Steve Nathans-Kelly: You seem to be focusing a lot on enterprise, which is obviously an area that’s growing and becoming a lot more dynamic and something we’re all paying a lot more attention to. After these 2 1/2 years when enterprises have begun to depend more operationally on streaming video—even if it’s just been everyday videoconferencing at first—do you think that this is translating into a better or broader understanding of how they can use it?

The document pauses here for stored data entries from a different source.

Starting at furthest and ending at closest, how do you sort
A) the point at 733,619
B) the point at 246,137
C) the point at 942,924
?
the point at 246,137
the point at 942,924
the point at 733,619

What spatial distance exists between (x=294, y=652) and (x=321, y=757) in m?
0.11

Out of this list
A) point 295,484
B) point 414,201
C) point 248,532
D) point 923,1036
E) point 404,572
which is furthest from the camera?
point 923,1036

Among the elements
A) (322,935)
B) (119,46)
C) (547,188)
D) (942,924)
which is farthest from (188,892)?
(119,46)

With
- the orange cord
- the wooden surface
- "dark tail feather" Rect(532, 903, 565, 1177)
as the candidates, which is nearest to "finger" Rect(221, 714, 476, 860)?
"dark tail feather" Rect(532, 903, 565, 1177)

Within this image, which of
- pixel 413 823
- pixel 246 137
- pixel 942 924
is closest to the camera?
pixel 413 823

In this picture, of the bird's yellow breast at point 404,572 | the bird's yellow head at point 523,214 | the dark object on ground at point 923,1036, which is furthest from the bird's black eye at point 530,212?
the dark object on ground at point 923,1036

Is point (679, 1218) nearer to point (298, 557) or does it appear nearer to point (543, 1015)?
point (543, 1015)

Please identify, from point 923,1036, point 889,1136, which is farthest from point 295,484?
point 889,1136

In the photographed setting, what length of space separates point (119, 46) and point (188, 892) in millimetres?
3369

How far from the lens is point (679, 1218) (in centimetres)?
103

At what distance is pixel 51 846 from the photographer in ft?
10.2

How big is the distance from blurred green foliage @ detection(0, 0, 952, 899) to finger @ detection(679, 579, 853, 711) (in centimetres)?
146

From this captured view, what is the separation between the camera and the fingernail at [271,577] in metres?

Marc DeBevoise: Absolutely. We see that interest level out there, and we think our market is primed. Some get it and are diving in, some have been customers for a decade. We have companies like Home Depot, Nike, Ford, and GM who have been our customers for a long time and really use our products in a great way. They’re companies that have been thinking and acting like media companies for a long time. They really understand the nature of that. There are probably multiple use cases in every company in the world for a streaming digital strategy that enables their company to do something better, whether it’s market, whether it’s communication, whether it’s work with their employees. And I think the wave is now coming, and we need to just paddle ourselves or paddle the companies a little bit clo­ser to the wave so that they can catch it. It’s really close now, and I think COVID pushed it even closer. And I think if you look back at the time before COVID, some companies got it, and some companies were like, “I don’t really need to be there.”

But now I see us signing up government contractor companies who need secure streaming for internal communications. These are not organizations that have been acting like media companies for years; they’re folks that are now realizing that they have to somehow act like a media company either with their employees or with their external communication sources. It’s certainly been primed by the last 2 years of remote work, but it’s about more than that. It’s about a broader strategy of how you engage with your audiences. And when I see this happening, I think, “The wave isn’t coming—it’s here.”